Sob uma forma atenuada, esta paixão deixa-se ainda ver naqueles que se comportam como os amigos de Job se comportavam. Lembrar-se-ão que estes recomendavam a Job uma aceitação imitigada das suas provações. Os novos amigos de Job fazem a mesma coisa aos ucranianos. Mesmo quando não dizem que, para evitar o sofrimento, não deviam ter resistido à invasão russa, aconselham-nos a cedências de vária espécie, em nome de uma espécie de bom-senso espúrio.
Felizmente, os ucranianos não os ouvem. Eles dão-nos o mais sensível dos exemplos do que é o amor da liberdade e de algo que antes tínhamos uma notória dificuldade em perceber na sua plena dimensão: o patriotismo. Como se sabe, Deus, no fim do livro bíblico, reprova a atitude dos amigos de Job e manifesta a sua compreensão por este. Esperemos que Deus não tenha mudado de doutrina. A sobrevivência das nossas democracias está crucialmente em jogo.

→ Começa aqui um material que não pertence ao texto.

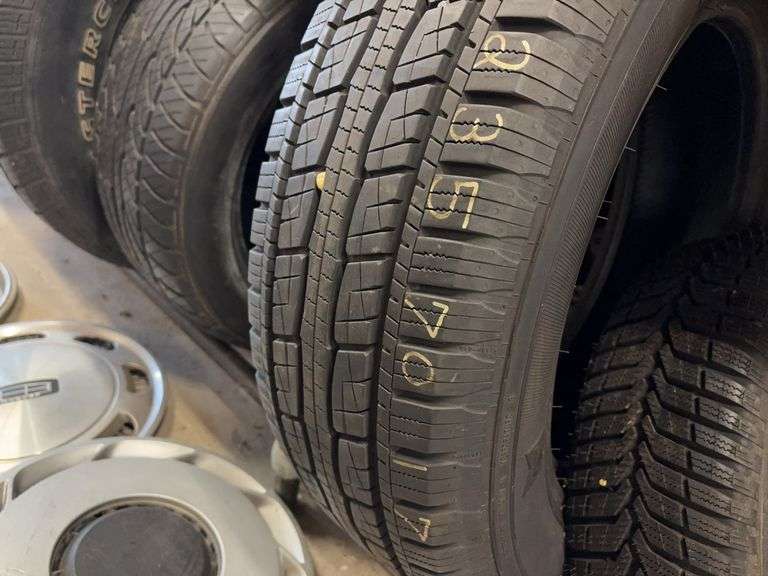 (3) miscellaneous tires like new - see photos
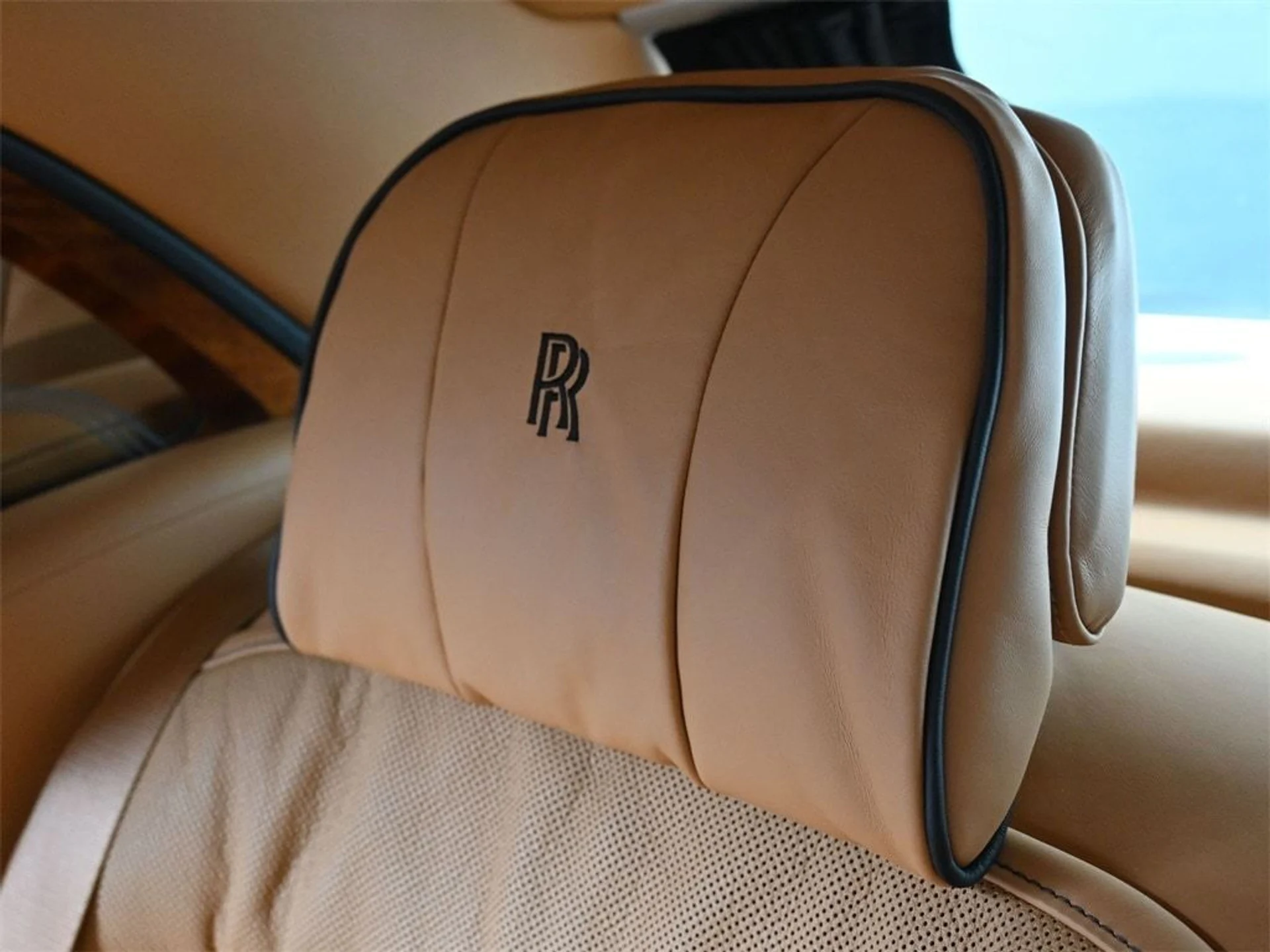 mph019_103073491_ed26c7d403d97a31a972636de61090e4x_e02c8a1d8a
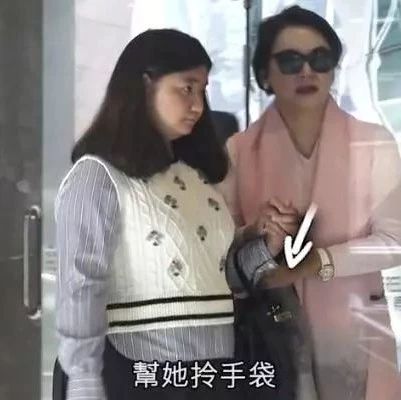 胡慧中带女儿逛街,身材发福真的老了,看两人穿着很寒酸啊!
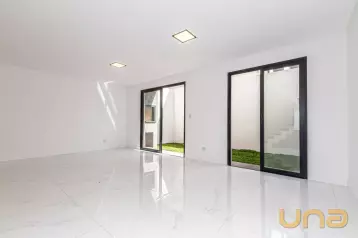 Sobrado em SANTA FELICIDADE com 146,89m²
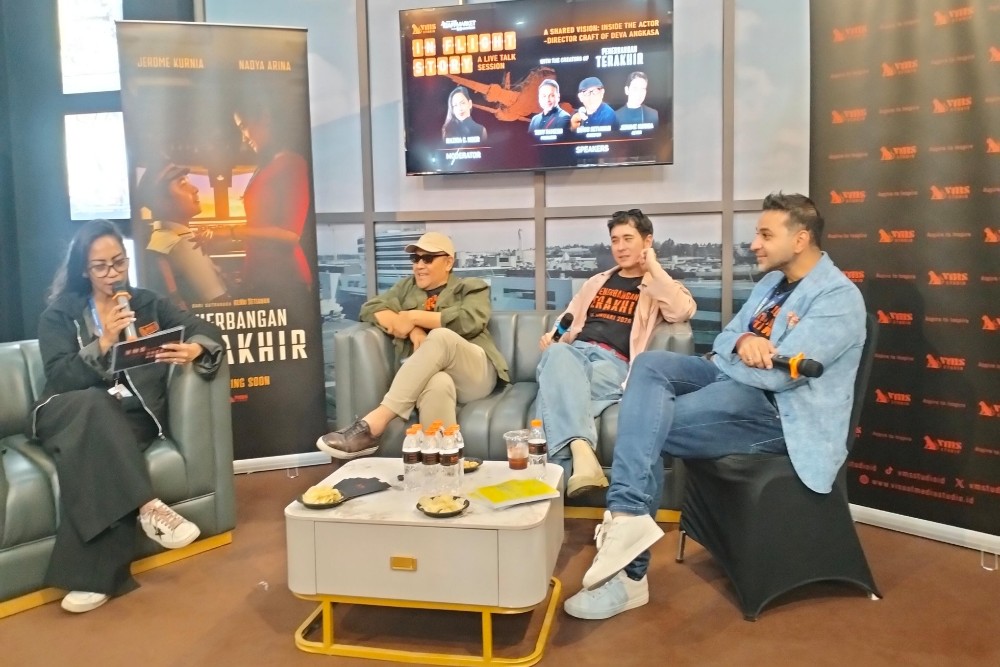 Jerome Pelajari Dunia Aviasi untuk Perankan Pilot Penerbangan Terakhir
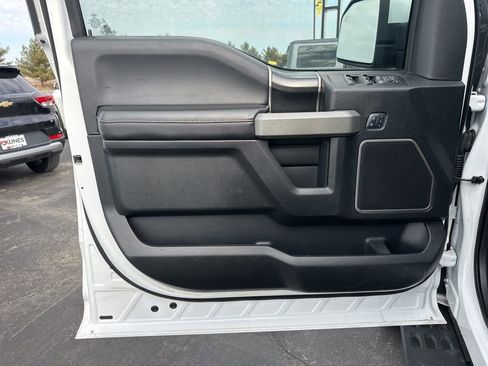 Used 2018 Ford F150 Raptor w/ Equipment Group 802A Luxury AWD/4WD image 19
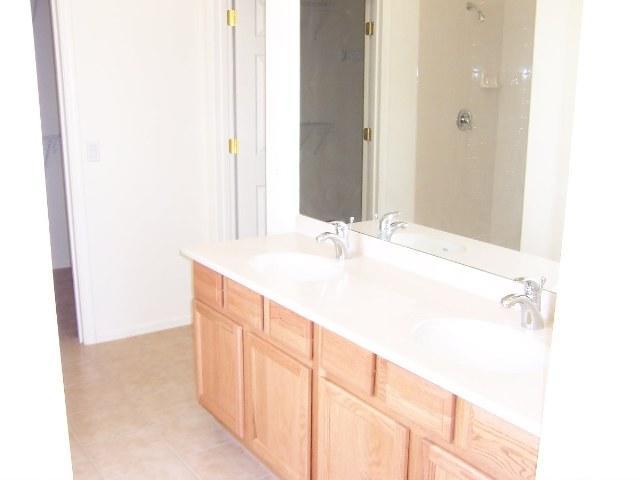 131 Corte Alemania Rio Rico, AZ 85648 - Photo 7 of 9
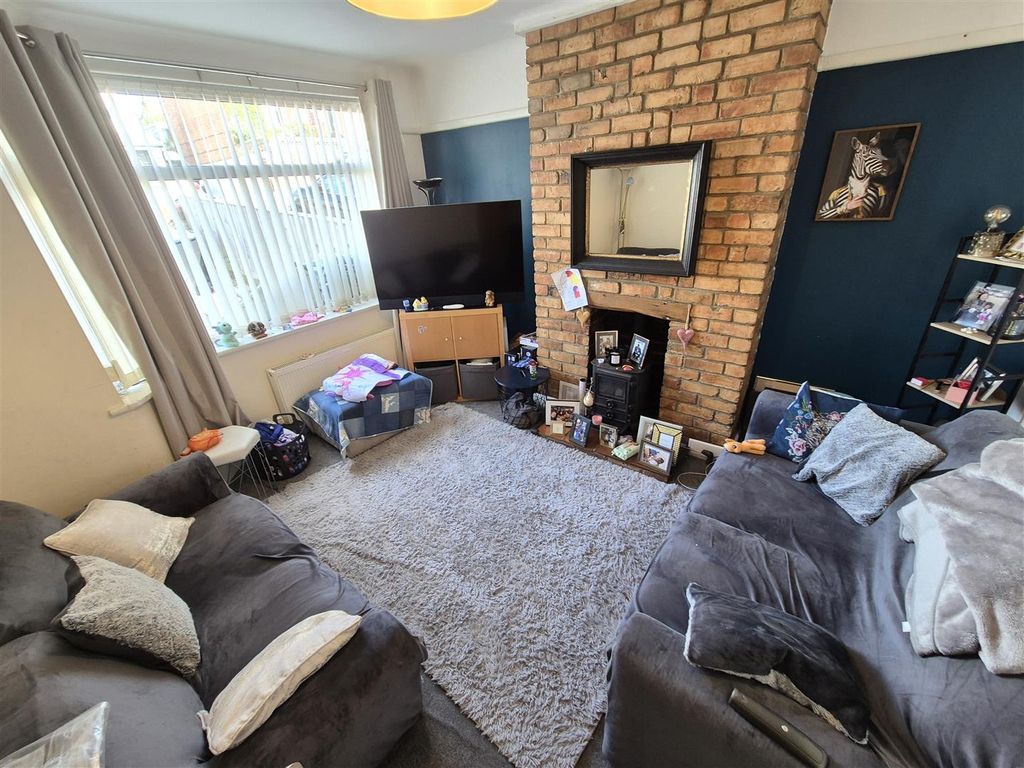 Property photo 3 of 9 109Viclo1.Jpg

PS. António Costa escolhe governantes calamitosos sensivelmente com a mesma frequência com que os oligarcas russos caem de janelas. Mas a sua roliça pose majestático-kitsch da merecidamente célebre capa da Visão indica que ele se encontra tão longe de admitir responsabilidade nestas trapalhadas como Putin de reconhecer publicamente a sua nos fatais voos dos seus concidadãos. Desta vez a coisa envolveu a TAP, que ele comprou com o nosso dinheiro por motivos de fervente patriotismo e que se prepara agora para vender pelos mesmos exactíssimos motivos. Pelo caminho, e com um igualmente indomável patriotismo, meteu por lá não menos de 3,2 mil milhões de euros dos contribuintes. Sugiro aos portugueses que façam uma vaquinha e que fretem o último avião da TAP e enviem Costa, os seus ministros e os seus secretários de Estado com uma passagem de ida sem volta para o Yemen, para aí “encerrarem este capítulo da sua vida profissional”, “abraçando agora novos desafios”. Ou então que peçam, para o mesmo fim, dinheiro emprestado à ex-secretária de estado do Tesouro, um mero epifenómeno (mais um) do costumeiro desmazelo irritado de António Costa: 500.000 euros – um terço do que a pobre rica senhora queria para sair da TAP – devem chegar. Ou, ainda melhor, ao próprio Costa. Quem nos arranca 3,2 mil milhões de euros com tanta facilidade para satisfazer tão volúveis desejos de ter “caravelas voadoras”, como disse num momento de intenso lirismo (a sua imagética poética já nos tinha dado as surrealistas “vacas voadoras” oferecidas a Alexandra Leitão), pode-se bem permitir este pequeno luxo. E, na viagem, terá tempo para se perguntar: “Quem foi pior? Eu ou ela?”.